De captivants à banals, les articles et photographies de “The Baguette” sont une tentative de publier un journal de ma vie dans la Manche et de proposer un forum de discussion pour tout ce qui touche à la Normandie.
On Friday, after some cloudy skies in the morning, the sun came out and I decided to continue with my hikes along le sentier des douaniers near Vauville. I parked near l’ancien carrière at the bottom of the D318 and proceeded to walk down la rue following the signs to le prieuré.
The Benedictine priory of St-Michel, which stands on a hill to the left of the road, was founded in 1147 by Richard, grandson of William of Vauville. He was responsible for bringing here the monks of Cerisy-la-Forêt. It has long been called the Priory of St-Hermel and is the same priory where the Blessed Thomas Hélye (1187-1257), chaplain of St-Louis, came to study when he was very young. His body now lies in a reliquary tomb at the church in Biville.
Sadly, the priory is now a private residence and visits are not permitted beyond the white gate.
Famous local artist, Jean-François Millet did this oil painting of the priory. It now hangs in a museum in Amsterdam. This hike was only 8.2 kilometres long and was quite easy-going despite most of the uphill walking. At one point, I was at a level altitude with the La Hague Reprocessing Plant which I could see in the distance.
Up here there are a lot of fenced-in properties with cows, sheep, goats and horses grazing—I had to be sure I closed gates behind me as I went along the trails.
Le petit Doué lies at the bottom of the path where I stumbled upon a covered lavoir once used by residents to wash their clothes. I wanted to visit the church in Vauville again and so I followed the signs into town.
The church was placed under the patronage of St-Martin and its construction is dated to around 1160, shortly after that of the priory.
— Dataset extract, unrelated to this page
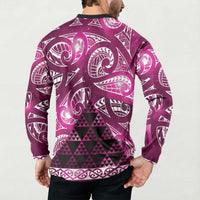 Matariki New Zealand Button Sweatshirt NZ Niho Taniwha Maori New Year Pink Galaxy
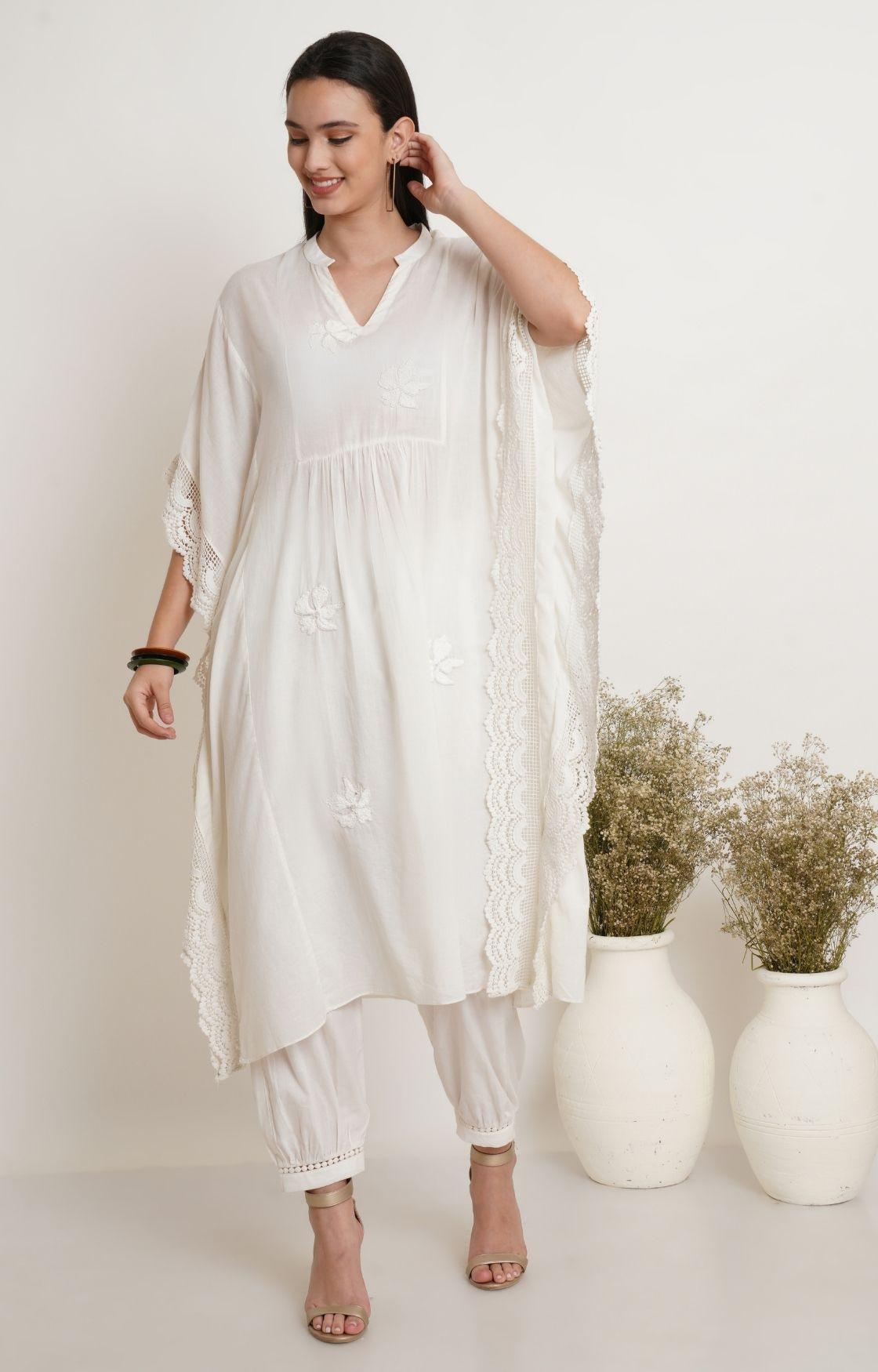Off White Embroidery Kaftan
The three-level bell tower has Romanesque windows and is covered with a pyramid roof. There used to be three bells in the belfry but they were recast in Villedieu on February 3, 1951 and the new electric bell was blessed on June 12, 1952.
The nave is covered in wood from the 12th century. The Lady Chapel dates from the beginning of 13th century as does the Gothic choir, which was renovated in the 18th century and is well lit by the modern windows placed there in 1966.
Just beyond the church are the château and the jardin botanique. I chose not to visit them since I’ve been there so many times before. The château was built in 1163 by Richard of Vauville—only the keep remains. The current building from the 17th century has two wings built at right angles above the former foundations.
It is the property of Guillaume Pellerin whose father designed the botanical gardens nearby. In 1972 the château was inscribed as a historical monument and the gardens were included in 1992. The château is almost always closed since it is a private residence and therefore only opens during European Heritage Days in October. However, the gardens are open throughout the year and are quite beautiful. They contain the largest palm grove in northern Europe.
After walking around the town, I followed the beach back to where I parked my car.